Please repeat only the lines below starting at the line that holds "Levinas Men's Contemporary" and ending at the line that holds "Photo a painting", exactly, with both of those lines included and every picture omitted.

____ Excerpted records

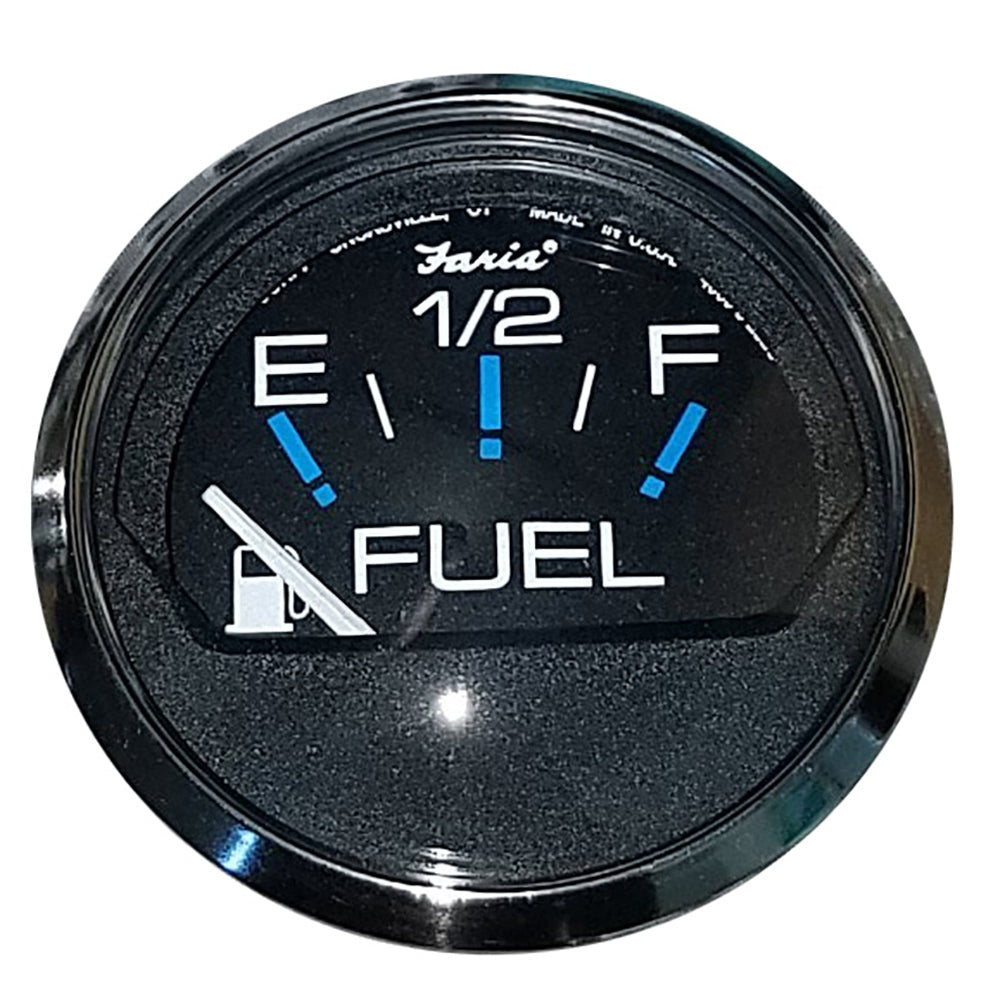 Faria Chesapeake Black 2" Fuel Level Gauge (E-1/2-F) - Deckhand Marine Supply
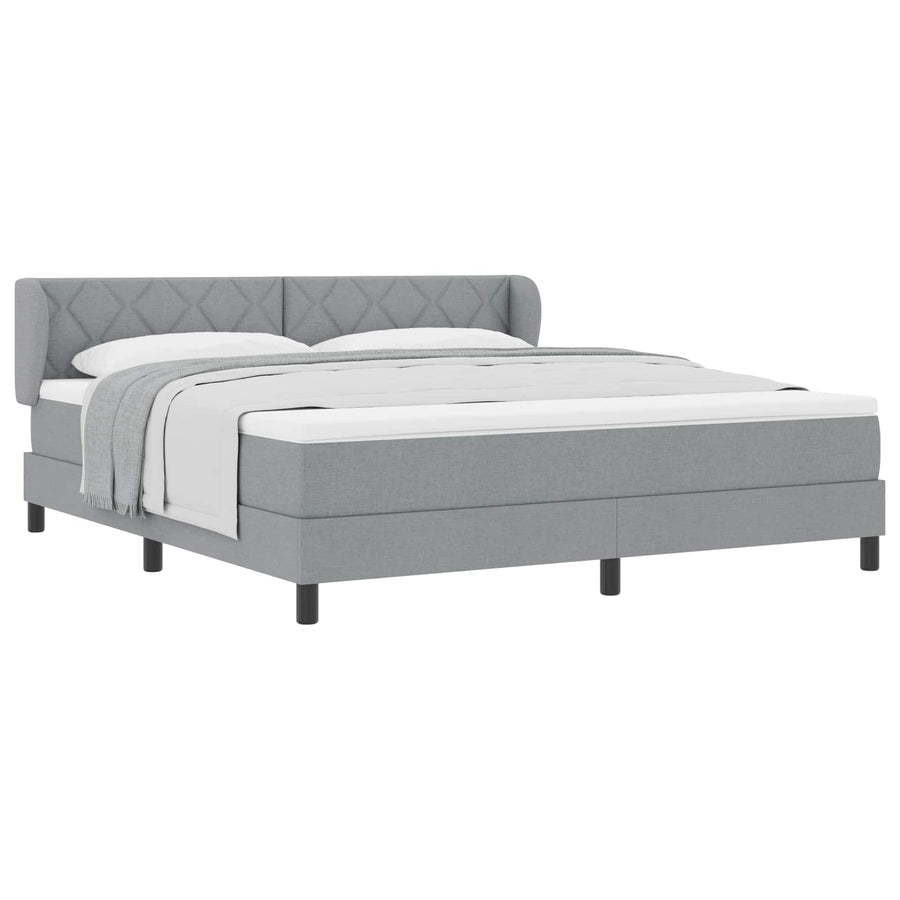 Boxspringbed met hoofdeinde Lichtgrijs 180 x 200 cm Stof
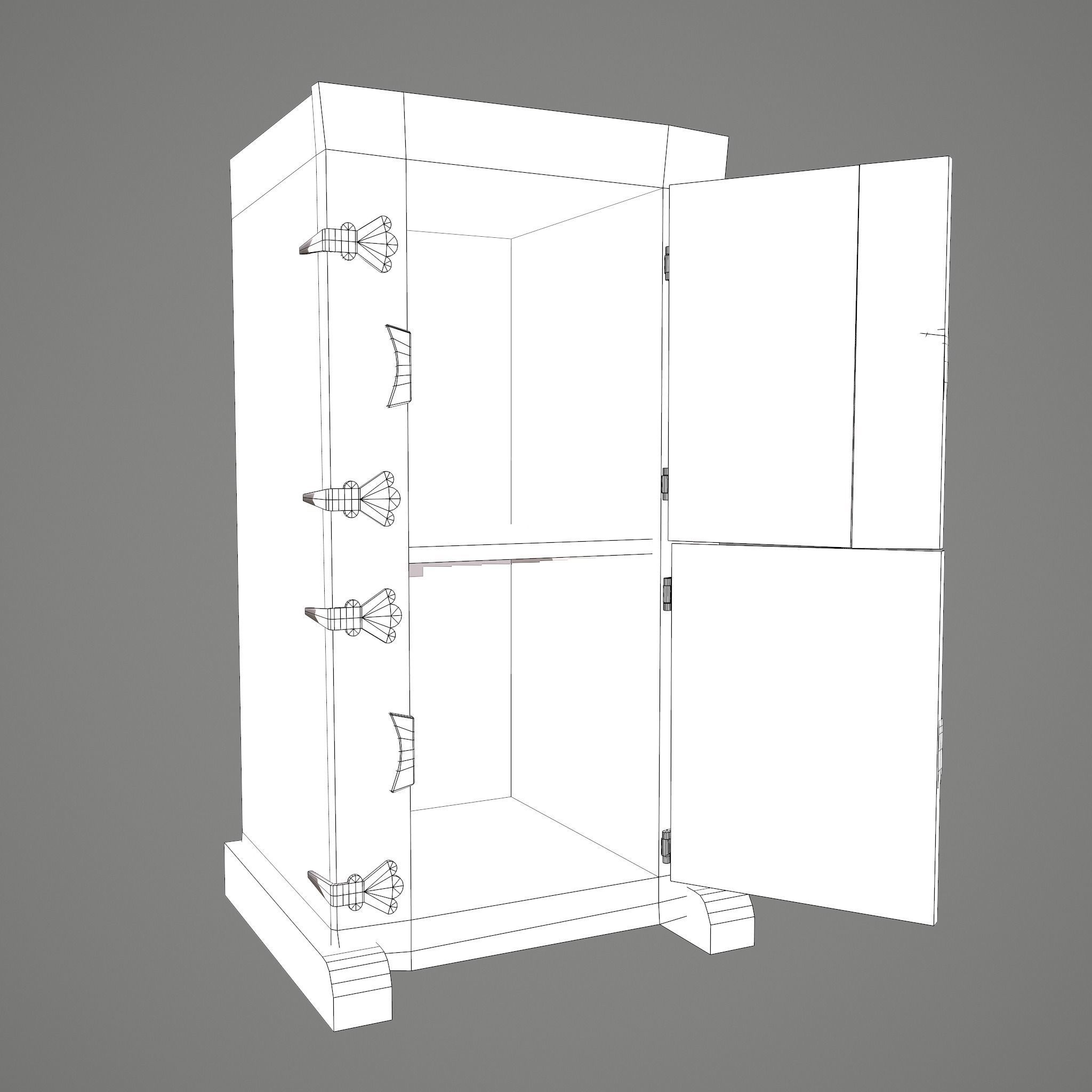 Medieval Style Wardrobe Low-poly 3D model_55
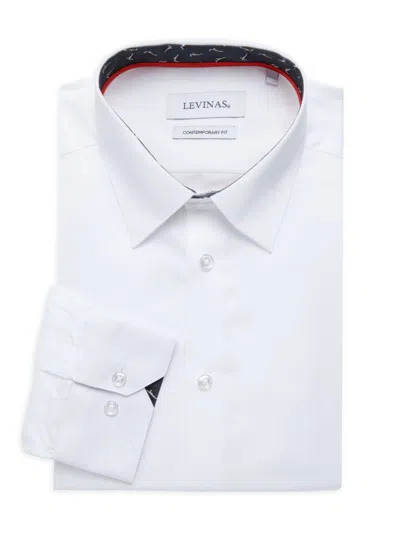 Levinas Men's Contemporary Fit Contrast Sport Shirt In White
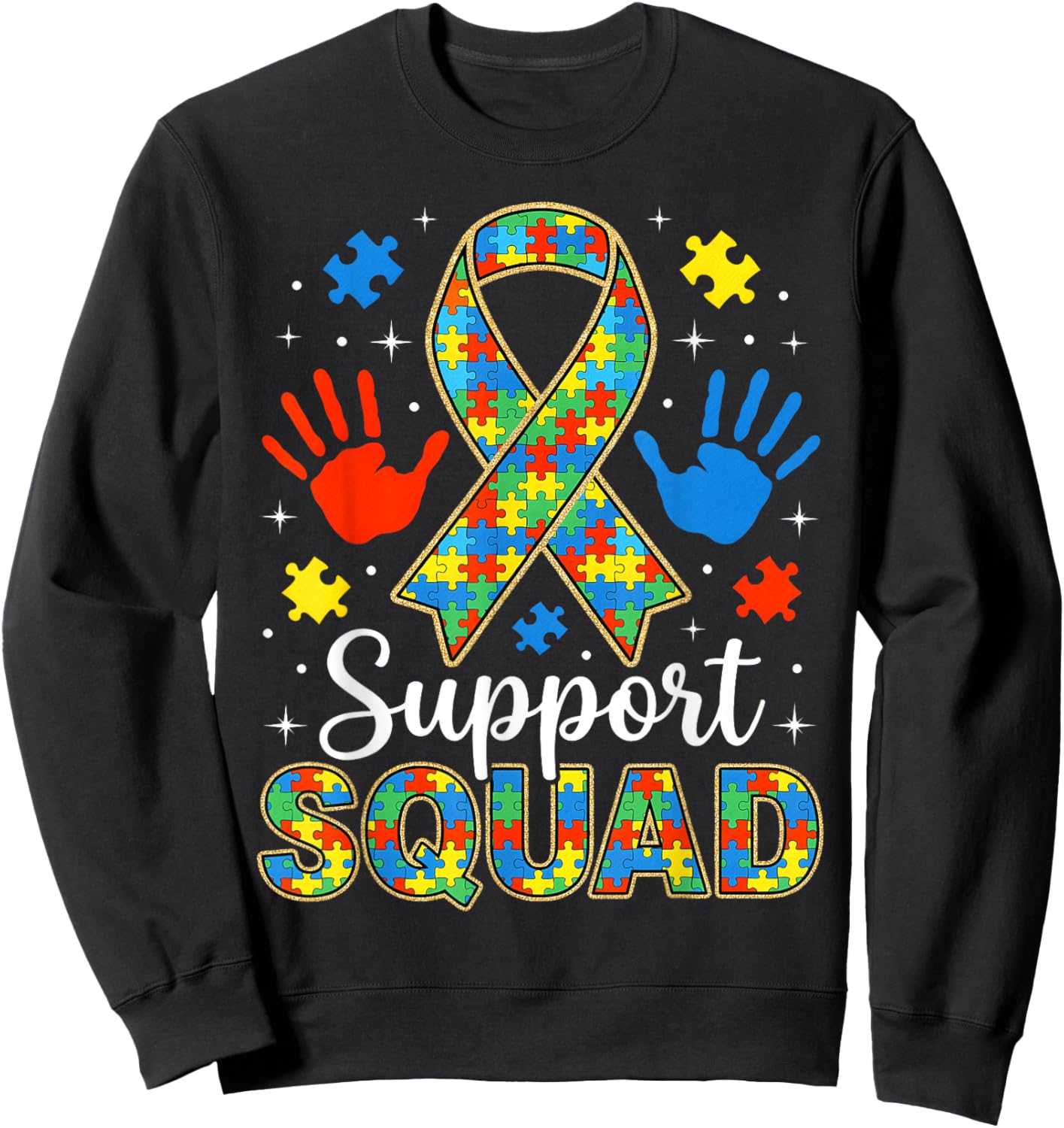 Autism Awareness Puzzle Ribbon Autism Support Squad Family Sweatshirt - Sweatshirt | Black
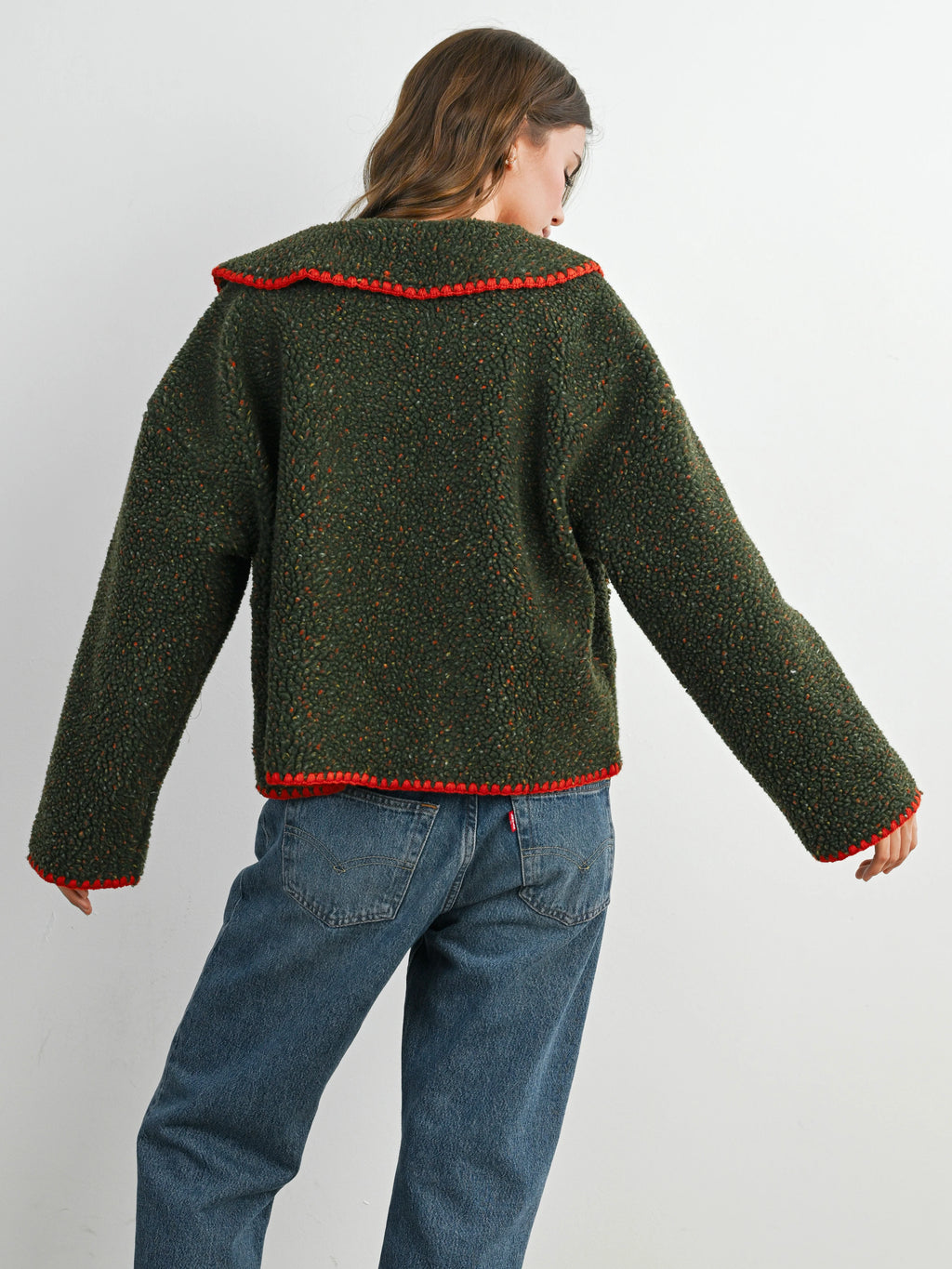 Flecked Fleece Button Jacket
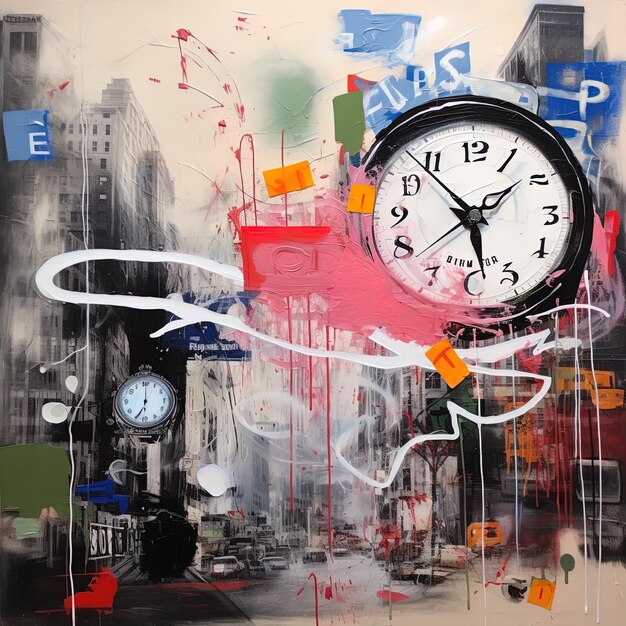 Photo a painting of a clock with the word  park  on it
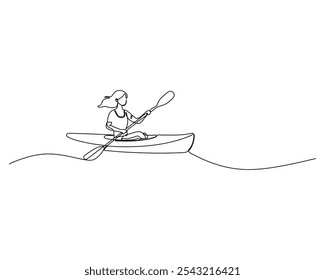 Una ilustración de línea continua de una mujer en kayak, capturando la esencia de la aventura al aire libre y los deportes acuáticos. Ideal para temas relacionados con el diseño minimalista, el Ocio y el fitness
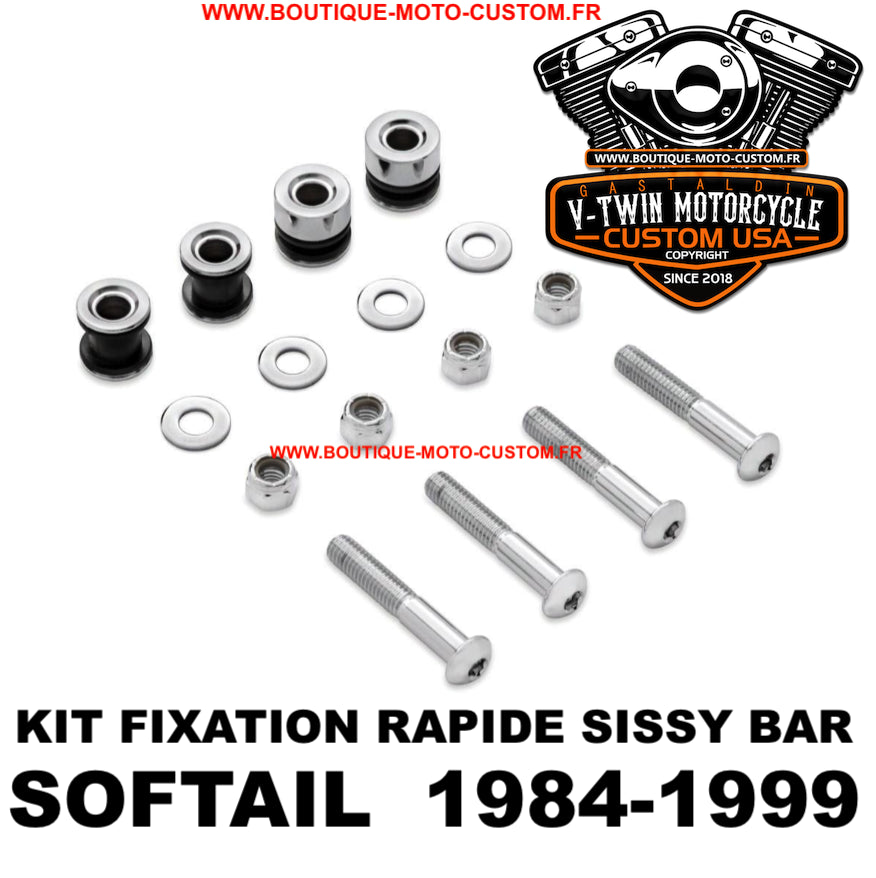 Kit vis de fixation pour sissy bar détachable / clips Harley davidson Softail 1984 - 1999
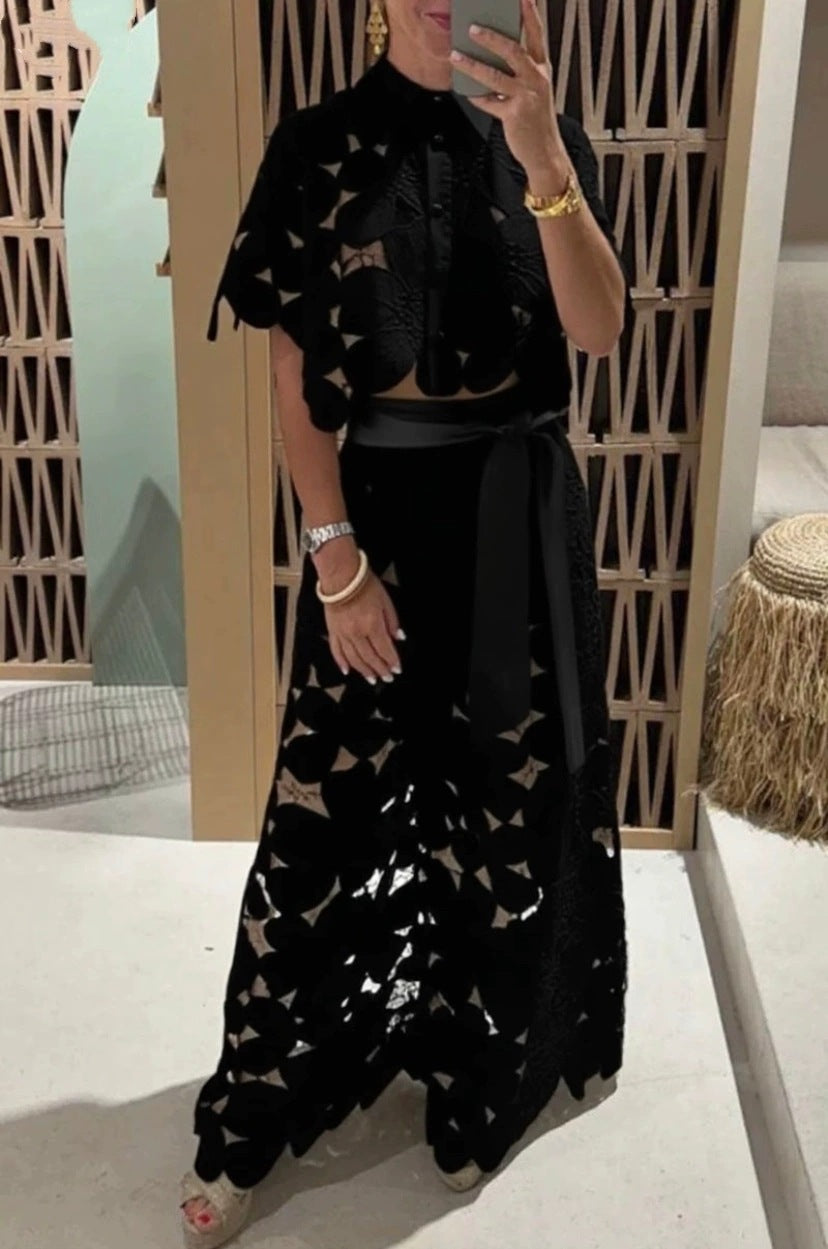 Hollow-Out Cardigan & Wide-Leg Pants Set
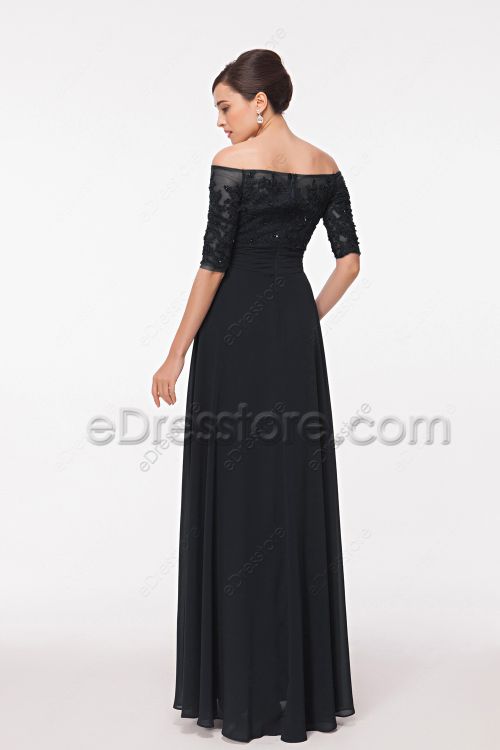 Off the Shoulder Black Bridesmaid Dresses with Sleeves
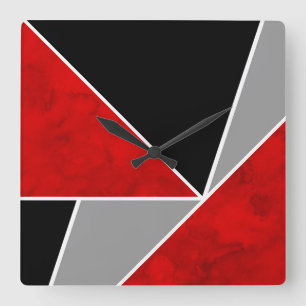 Red Gray Black Color Block Square Wall Clock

________

Task result:
 Levinas Men's Contemporary Fit Contrast Sport Shirt In White
 Autism Awareness Puzzle Ribbon Autism Support Squad Family Sweatshirt - Sweatshirt | Black
 Flecked Fleece Button Jacket
 Photo a painting of a clock with the word  park  on it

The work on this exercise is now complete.